▶ What you need to do
Which lines run from the one containing "គ្រោះទឹកជំនន់" through the end of the material? Reproduce them exactly.

▶ Recorded data
****************

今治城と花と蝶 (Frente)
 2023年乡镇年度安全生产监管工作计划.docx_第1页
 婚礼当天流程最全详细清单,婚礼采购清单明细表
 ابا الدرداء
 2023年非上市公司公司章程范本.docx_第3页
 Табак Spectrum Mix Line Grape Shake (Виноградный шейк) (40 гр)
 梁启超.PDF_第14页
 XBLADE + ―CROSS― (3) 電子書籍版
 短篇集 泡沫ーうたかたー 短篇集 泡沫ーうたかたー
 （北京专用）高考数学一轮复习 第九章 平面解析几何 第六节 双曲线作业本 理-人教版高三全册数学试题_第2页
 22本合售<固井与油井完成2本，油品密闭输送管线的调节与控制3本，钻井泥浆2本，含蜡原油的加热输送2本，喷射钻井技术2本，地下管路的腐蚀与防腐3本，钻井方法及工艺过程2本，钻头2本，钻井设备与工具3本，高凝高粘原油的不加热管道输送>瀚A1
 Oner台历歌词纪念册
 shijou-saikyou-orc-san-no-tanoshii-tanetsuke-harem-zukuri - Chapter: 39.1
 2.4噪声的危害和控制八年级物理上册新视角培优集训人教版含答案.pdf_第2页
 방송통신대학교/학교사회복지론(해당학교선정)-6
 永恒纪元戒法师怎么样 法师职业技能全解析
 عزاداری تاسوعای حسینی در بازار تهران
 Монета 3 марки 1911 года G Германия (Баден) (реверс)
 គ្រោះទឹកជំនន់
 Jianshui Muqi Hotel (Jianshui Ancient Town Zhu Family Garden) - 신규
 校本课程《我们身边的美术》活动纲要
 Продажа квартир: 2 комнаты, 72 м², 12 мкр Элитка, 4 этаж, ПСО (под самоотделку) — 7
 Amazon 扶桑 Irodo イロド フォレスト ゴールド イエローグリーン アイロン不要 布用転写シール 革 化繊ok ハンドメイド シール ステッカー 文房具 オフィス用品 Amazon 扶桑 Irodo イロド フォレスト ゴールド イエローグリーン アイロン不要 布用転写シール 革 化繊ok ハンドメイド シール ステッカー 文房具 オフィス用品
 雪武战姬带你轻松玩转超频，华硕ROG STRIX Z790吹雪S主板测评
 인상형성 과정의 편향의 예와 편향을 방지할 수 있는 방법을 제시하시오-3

****************

▶ Output below
 គ្រោះទឹកជំនន់
 Jianshui Muqi Hotel (Jianshui Ancient Town Zhu Family Garden) - 신규
 校本课程《我们身边的美术》活动纲要
 Продажа квартир: 2 комнаты, 72 м², 12 мкр Элитка, 4 этаж, ПСО (под самоотделку) — 7
 Amazon 扶桑 Irodo イロド フォレスト ゴールド イエローグリーン アイロン不要 布用転写シール 革 化繊ok ハンドメイド シール ステッカー 文房具 オフィス用品 Amazon 扶桑 Irodo イロド フォレスト ゴールド イエローグリーン アイロン不要 布用転写シール 革 化繊ok ハンドメイド シール ステッカー 文房具 オフィス用品
 雪武战姬带你轻松玩转超频，华硕ROG STRIX Z790吹雪S主板测评
 인상형성 과정의 편향의 예와 편향을 방지할 수 있는 방법을 제시하시오-3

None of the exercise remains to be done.